Not only Chinese products but also Chinese services and investment have made their way to a large part of the world. However, in the case of Chile, this road has not been opened with the same ease as in other countries. For this reason, the director of InvestChile, Carlos Álvarez, participated in a seminar about agriculture in China and afterwards signed an agreement with the China Council for the Promotion of International Trade (CCPIT), a Chinese business agency, that will support the country in its efforts to attract Chinese investment.

“Although it is true we have good commercial relations with China as our principal trading partner, the same is not true of investment since, despite a significant increase in Chinese investment in almost all the world, including Latin America, very little has reached Chile,” noted Álvarez.

He pointed out that the examples can, indeed, be counted on the fingers of one hand: the China Construction Bank and the acquisition of Pacific Hydro by SPIC. “There have been attempts to invest but they have not materialized. The fact is that Chinese companies are not very used to concessions systems, either for roads or energy or in other fields. They are more used to forming partnerships with governments and offering them construction services, acting as a sort of contractor, rather than investor, and, when they come to Chile, they try to play that role but realize that Chile functions differently and that they must invest and operate,” explained Álvarez.
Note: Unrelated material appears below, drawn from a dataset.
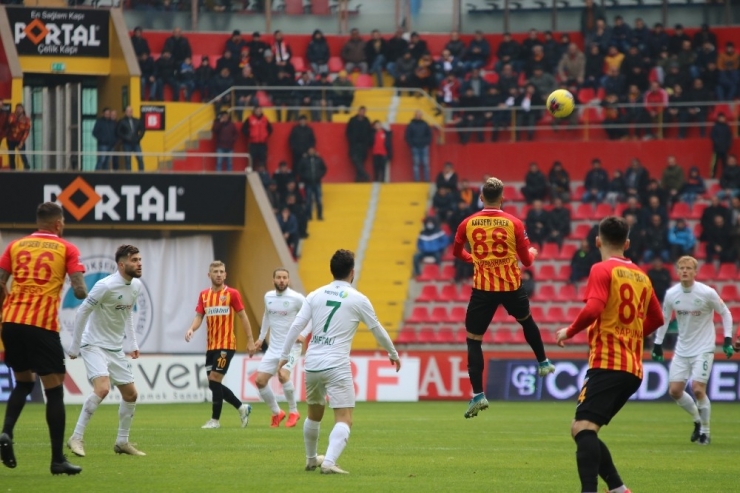 Süper Lig: Hes Kablo Kayserispor: 2 - Konyaspor: 2 (Maç Sonucu)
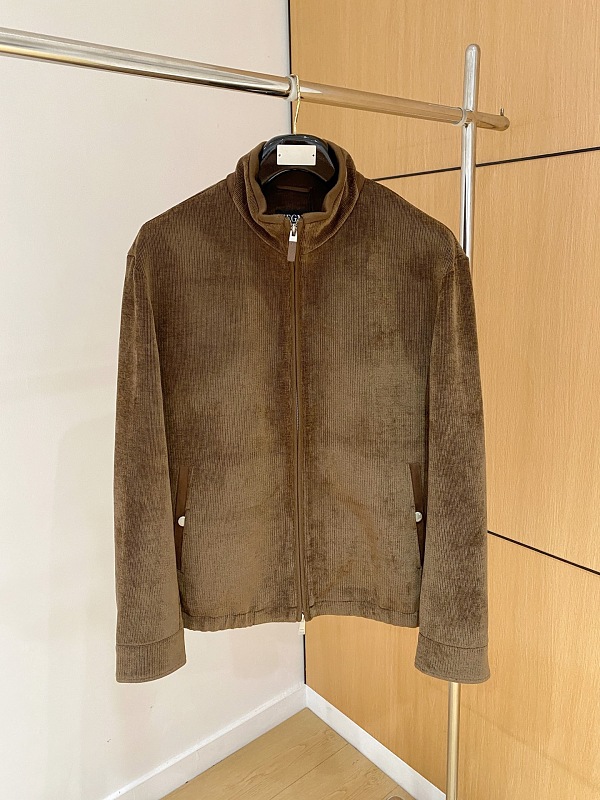 Price:499 587−8L 11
In response, InvestChile has drawn up two strategies. One is to accompany Chinese companies in their process of familiarization and participation in tenders – “there are interested companies taking this route” – and, second, to seek to attract investment in priority areas such as healthy foods, global services, mining equipment and technologies and renewable energies. “Particularly in solar energy, where China is a world leader in the production of equipment and technology and where, for most Chinese companies, Chile is not even on the map, we are going to start with the Chile Week in September to identify Chinese companies and undertake focalized promotion,” announced Álvarez.

The director of InvestChile says that Chinese firms tend to act as contractors but, when they arrive in Chile, see a different system.